The alarm system in OnPing is split across a few different services. Alarming is a very complicated activity, but its ubiquity in automation systems often causes people to forget just how difficult it is.

A proper system must be highly distributed, highly available and dependably consistent – those things don’t mix well!

AlarmDB is responsible for combining all the components of an alarm into an unified alarm structure – ready to test and run. The tasks involved include:

    • Gathering the rules about whether an alarm is in a ‘Tripped’ state 
    • Gathering whether an alarm has been ‘Enabled’ or ‘Disabled’ 
    • Gathering the status of the ‘Alert’ options currently selected by users
    • Combining all this information into a single presentation to be distributed.

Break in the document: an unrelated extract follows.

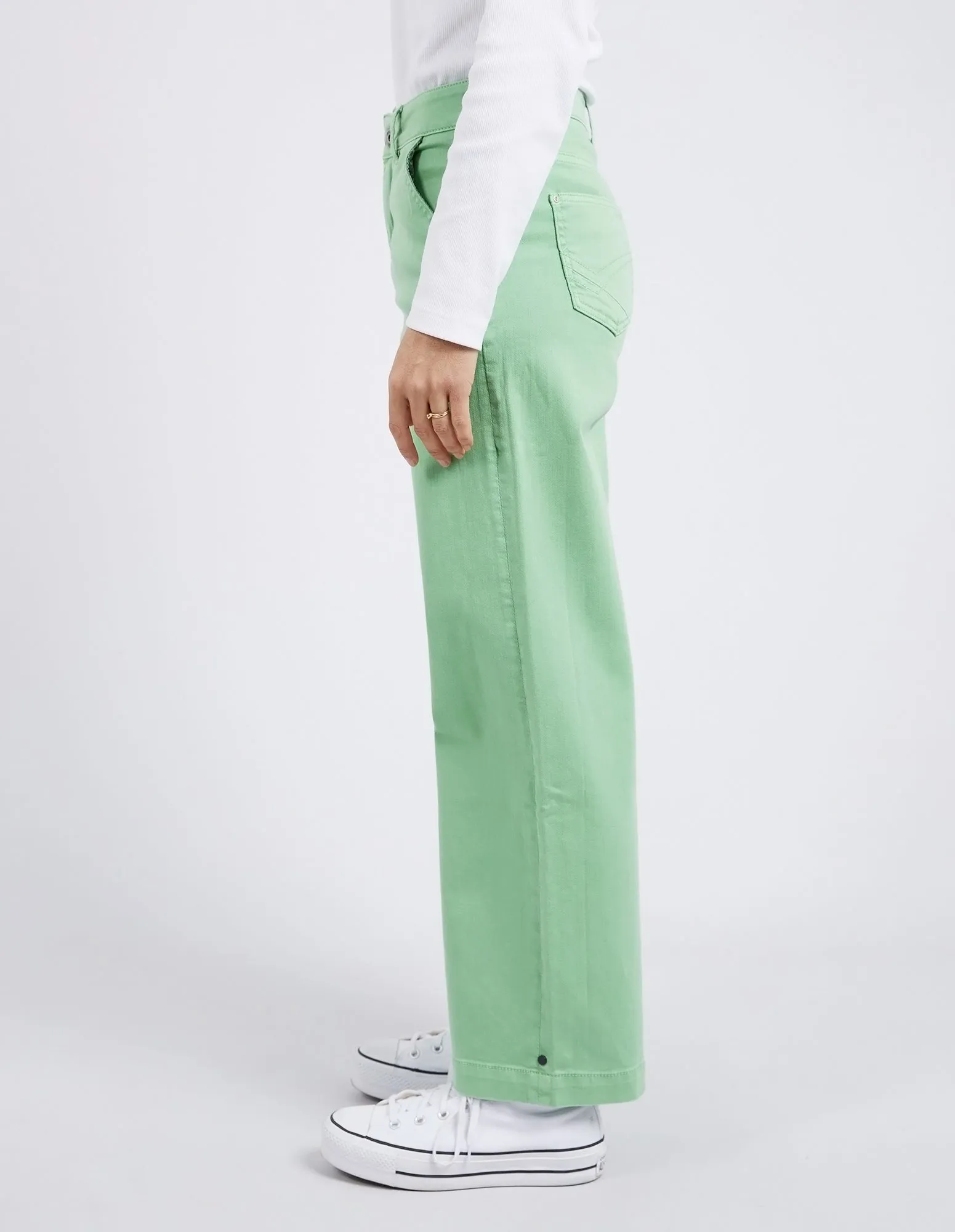 SCARLETT WIDE LEG PANT || MEADOW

Once this has been done it is sent to an Alarm State Server through an alarm coordinator. Alarm Coordinator presents Alarm DB with routing information. From there, the service recognizes how and where to send the data.

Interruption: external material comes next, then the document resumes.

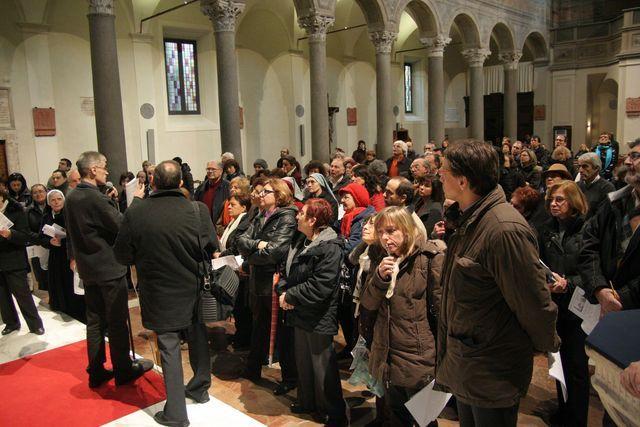 Santa Maria in Domnica alla Navicella: lezione del corso di storia della chiesa di Roma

Alarm State Server does the state machine work and the callout work in the system. Currently, it is split into dozens of nodes, each responsible for 1000s of alarms. Alarms depend on a lot of timing rules that can be quite complicated. Once you know an alarm has tripped it still must be determined:

    • How long has the alarm been tripped? 
    • How long until a tripped alarm should call out?
    • When alarm has called someone, how long should it wait to call again? 
    • In case of a phone or other callout system error , how long to wait to try again? 
    • Should clear calls happen? 
    • What is the state of the Alarm? This must be checked simultaneously with the above.

Lastly, we need to Log what has happened:

  • Who was alerted?
  • How were they alerted?
  • When were they alerted?

alarm system graph

7 Virtual Parameters

Virtual parameters are used by alarms and visualization alike. They provide on demand calculation using OnPing-mask-script to do the calculating. They are a distributed application in much the same way our Alarm system is.

7.1 VP DB

The VPDB contains all the metadata for all the virtual parameters, and also the script database. Each Virtual Parameter has an ID (VPID), a list of sources (i.e. the parameters that the virtual parameter is made of), and a Script ID. The Script ID can be used to query the script database in order to get the actual script text.

7.2 VP Router

The job of the VP Router is 1) to store a list of addresses to VP Calculators and 2) communicate these addresses to clients. The router disperses addresses in accordance with the load assigned through VP Calculators. The addresses are listed in a YAML file and any changes to the list will be automatically loaded by the VP Router. Therefore adding or removing VP Calculators should be effortless.

7.3 VP Calculator

The VP Calculator is the process that performs the heavy task of calculating the time values of a virtual parameter. You can actually use it without virtual parameters, since all that it does is to query parameters from TachDB and combine them using a script. It has its own caching system to alleviate TachDB’s load.

8 Managing Complexity

We are often asked what is required to stand up highly configurable SCADA systems. Here, we wanted to create an outline of the major systems involved making OnPing work. The development of each system required a huge amount of effort and care to architect according to the greater vision of a more simple, secure and easy to use automation platform. Together they compose a unique and integrated system for managing data and devices for industrial applications.

The main lesson we have learned is that managing complexity is the key to keeping these systems understandable and maintainable. We have designed the OnPing systems to scale well and have a high degree of flexibility to absorb new technology and features into the system. 

This overview of primary OnPing technical infrastructure is meant to distill the essence of OnPing into a simple, functional model of the platform. 

Fundamentally, OnPing aims to reduce complexity and make data make sense. Simplifying complicated technical processes in system orchestration enables us to focus on what matters most – building better automation systems.